Он вдохнул воздух, пахнущий дымом, рекой, степью и отбросами: «Вот моя деревня, вот мой дом родной, как сказал великий русский поэт. Только забыл какой именно». Все было так знакомо и привычно, словно он жил здесь всегда. Поселок располагался между дремучими зарослями речной поймы и каменной гривой, прикрывающей его со стороны степи. Каменный вал, длиной метров триста, в центре превращался в почти отвесный десятиметровый обрыв. На его вершине располагалось «место глаз» – смотровая площадка, на которой с рассвета и дотемна дежурил кто-нибудь из старших подростков. Их обязанностью было предупреждать о появлении врагов, следить за передвижением животных в степи и передавать сообщения охотников. Близ основания обрыва чернел вход в пещеру. На свободном пространстве, шириной метров 150–200, вольно разместились жилища лоуринов – конусообразные сооружения из жердей, накрытые невыделанными шкурами. Семен, не мудрствуя лукаво, сразу окрестил их «вигвамами». Этих «вигвамов» разных размеров и качества исполнения в наличии имелось семь штук. В трех из них жили старейшины со своими женщинами, один, самый маленький, расположенный у входа в пещеру, занимал Художник. Кроме того, имелось два «длинных дома». Каждый из них представлял собой две конусообразные постройки, соединенные широким крытым переходом. В этих переходах располагались жилые отсеки, а в конусах – очаги. Последние, правда, разжигались лишь в дождливую погоду, которая здесь была редкостью. Обычно же все кухонные дела делались под открытым небом. Основная масса мужского, женского и детского населения размещалась в большом «длинном доме» и свободных одиночных вигвамах. Второй «длинный дом», просвечивающий дырами в покрышке, занимало полтора десятка юношей-подростков, которые в нем, собственно говоря, не жили, а лишь спали несколько часов в сутки. Когда и как они успевали готовить себе еду, Семен пока еще понять не смог.
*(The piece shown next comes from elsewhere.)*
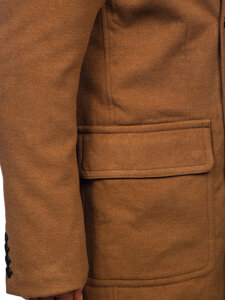 Abrigo con botonadura doble con cuello alto de invierno para hombre camel Bolf 1048C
Семен очень боялся оказаться бестактным, но сразу по прибытии изъявил желание жить отдельно от коллектива. Это вызвало удивление, но не возмущение. Он соорудил свой шалаш на краю песчаного пляжа близ воды чуть выше по течению основного места застройки и в полусотне метров от ближайшего жилища. Это был, пожалуй, максимум уединенности, на который здесь можно было претендовать.

Возле обложенного камнями и заставленного самодельной глиняной посудой кострища на корточках сидели Сухая Ветка и малознакомый чумазый пацан. Семен глянул на небо, затянутое высокой ровной облачностью.

– Скажи, моя птичка, сейчас утро или вечер? – поинтересовался новоиспеченный воин у своей женщины.

– Хи-хи! Сейчас день, Семхон!

– Чего ты смеешься?! – возмутился суровый мужчина. – Это из-за тебя я дни и ночи перепутал! Тебе когда-нибудь бывает достаточно?

– А разве ЭТОГО может быть достаточно? Хи-хи! А сам-то…

– Ну, ладно, ладно… – смутился Семен. – Расхихикалась, понимаешь!

– А какая птица? – Пацан перестал сосать грязный палец и уставился на Семена.

– Не понял?!

– Ну, ты же ее птицей назвал. А какой? Мухой?

«Вот же ж, блин! – мысленно ругнулся Семен. – У них действительно нет понятия „птица вообще“ – только названия конкретных видов. Я употребил то, что мне показалось почти синонимом – „маленькое летающее существо“, а к таковым, как известно, вместе с птицами относятся и насекомые. То есть вроде как я Ветку мухой обозвал».